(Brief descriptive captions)
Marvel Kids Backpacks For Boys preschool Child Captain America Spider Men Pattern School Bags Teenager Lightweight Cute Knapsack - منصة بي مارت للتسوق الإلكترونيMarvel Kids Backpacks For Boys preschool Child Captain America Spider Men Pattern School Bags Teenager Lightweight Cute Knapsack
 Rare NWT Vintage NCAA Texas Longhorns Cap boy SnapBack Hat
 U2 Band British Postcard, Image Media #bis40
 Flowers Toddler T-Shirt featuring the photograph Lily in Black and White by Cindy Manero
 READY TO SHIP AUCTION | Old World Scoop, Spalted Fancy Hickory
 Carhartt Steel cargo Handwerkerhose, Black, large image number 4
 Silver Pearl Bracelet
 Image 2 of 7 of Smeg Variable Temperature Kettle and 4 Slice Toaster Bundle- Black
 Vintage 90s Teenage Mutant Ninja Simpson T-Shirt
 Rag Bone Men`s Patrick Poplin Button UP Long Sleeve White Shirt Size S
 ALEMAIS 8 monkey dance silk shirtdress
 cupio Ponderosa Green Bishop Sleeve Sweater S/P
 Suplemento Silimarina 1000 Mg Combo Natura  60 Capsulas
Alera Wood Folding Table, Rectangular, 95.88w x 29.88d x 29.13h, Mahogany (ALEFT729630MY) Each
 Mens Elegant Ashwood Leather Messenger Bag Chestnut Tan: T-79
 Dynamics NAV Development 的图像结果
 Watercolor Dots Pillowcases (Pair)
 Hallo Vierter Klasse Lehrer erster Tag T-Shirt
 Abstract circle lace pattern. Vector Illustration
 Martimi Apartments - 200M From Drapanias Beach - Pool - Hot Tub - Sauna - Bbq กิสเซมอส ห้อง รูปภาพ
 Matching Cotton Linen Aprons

■ **Try it**
Every line in the entries above that mentions the word "White" must be shown.

■ **Output for this exercise**
 Flowers Toddler T-Shirt featuring the photograph Lily in Black and White by Cindy Manero
 Rag Bone Men`s Patrick Poplin Button UP Long Sleeve White Shirt Size S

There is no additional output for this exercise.